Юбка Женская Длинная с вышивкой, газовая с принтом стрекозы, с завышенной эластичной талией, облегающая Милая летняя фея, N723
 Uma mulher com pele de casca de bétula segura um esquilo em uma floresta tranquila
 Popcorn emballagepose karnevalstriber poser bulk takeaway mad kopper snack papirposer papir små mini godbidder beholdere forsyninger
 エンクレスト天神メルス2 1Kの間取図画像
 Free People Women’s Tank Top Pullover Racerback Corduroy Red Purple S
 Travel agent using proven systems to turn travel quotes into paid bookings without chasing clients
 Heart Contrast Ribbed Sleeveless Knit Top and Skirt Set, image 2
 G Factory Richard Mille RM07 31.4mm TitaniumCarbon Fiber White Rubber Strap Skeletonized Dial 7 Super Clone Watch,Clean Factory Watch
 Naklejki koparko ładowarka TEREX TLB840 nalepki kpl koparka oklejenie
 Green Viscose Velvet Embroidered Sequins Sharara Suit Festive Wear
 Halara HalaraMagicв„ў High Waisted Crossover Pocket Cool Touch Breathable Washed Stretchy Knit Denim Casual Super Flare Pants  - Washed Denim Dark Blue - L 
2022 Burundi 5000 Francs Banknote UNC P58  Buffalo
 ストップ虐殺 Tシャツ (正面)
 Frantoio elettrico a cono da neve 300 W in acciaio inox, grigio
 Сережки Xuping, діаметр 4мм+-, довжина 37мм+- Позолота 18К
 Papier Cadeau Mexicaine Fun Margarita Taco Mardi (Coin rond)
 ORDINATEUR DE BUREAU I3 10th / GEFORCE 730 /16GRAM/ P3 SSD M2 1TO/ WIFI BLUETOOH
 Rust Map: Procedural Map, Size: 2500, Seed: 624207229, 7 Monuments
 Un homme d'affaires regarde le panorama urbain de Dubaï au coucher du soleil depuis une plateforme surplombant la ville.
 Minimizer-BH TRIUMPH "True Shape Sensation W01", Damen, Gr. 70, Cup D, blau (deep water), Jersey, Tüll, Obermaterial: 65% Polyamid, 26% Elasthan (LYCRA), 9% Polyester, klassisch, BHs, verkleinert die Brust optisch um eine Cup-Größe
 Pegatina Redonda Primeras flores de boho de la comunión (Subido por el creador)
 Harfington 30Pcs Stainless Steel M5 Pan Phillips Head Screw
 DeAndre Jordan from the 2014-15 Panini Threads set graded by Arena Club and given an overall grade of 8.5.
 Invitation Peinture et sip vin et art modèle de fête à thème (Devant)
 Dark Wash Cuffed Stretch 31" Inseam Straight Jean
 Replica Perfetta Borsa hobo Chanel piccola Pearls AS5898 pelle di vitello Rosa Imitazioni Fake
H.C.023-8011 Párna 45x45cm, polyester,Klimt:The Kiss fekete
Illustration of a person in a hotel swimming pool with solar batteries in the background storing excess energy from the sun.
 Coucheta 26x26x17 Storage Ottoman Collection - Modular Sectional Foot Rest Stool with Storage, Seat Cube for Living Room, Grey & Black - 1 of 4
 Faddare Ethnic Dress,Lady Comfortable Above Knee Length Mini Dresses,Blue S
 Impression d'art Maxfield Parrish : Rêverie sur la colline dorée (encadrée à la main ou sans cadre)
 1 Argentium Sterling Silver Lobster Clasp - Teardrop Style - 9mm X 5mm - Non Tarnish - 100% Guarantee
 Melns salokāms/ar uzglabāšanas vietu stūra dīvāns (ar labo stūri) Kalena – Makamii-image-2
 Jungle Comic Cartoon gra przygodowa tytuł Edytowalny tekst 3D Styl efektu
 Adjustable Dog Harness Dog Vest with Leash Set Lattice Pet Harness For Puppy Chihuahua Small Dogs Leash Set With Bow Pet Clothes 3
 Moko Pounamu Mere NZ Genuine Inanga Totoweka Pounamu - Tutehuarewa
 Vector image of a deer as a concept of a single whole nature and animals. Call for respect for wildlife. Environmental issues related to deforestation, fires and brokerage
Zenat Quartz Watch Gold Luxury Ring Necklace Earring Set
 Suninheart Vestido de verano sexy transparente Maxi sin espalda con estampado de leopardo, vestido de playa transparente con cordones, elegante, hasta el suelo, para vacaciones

= = = = =

§ **EXERCISE GOAL**: Which lines above include the word "Watch"? Pick them out and copy them.

§ **EXERCISE ANSWER**:
 G Factory Richard Mille RM07 31.4mm TitaniumCarbon Fiber White Rubber Strap Skeletonized Dial 7 Super Clone Watch,Clean Factory Watch
Zenat Quartz Watch Gold Luxury Ring Necklace Earring Set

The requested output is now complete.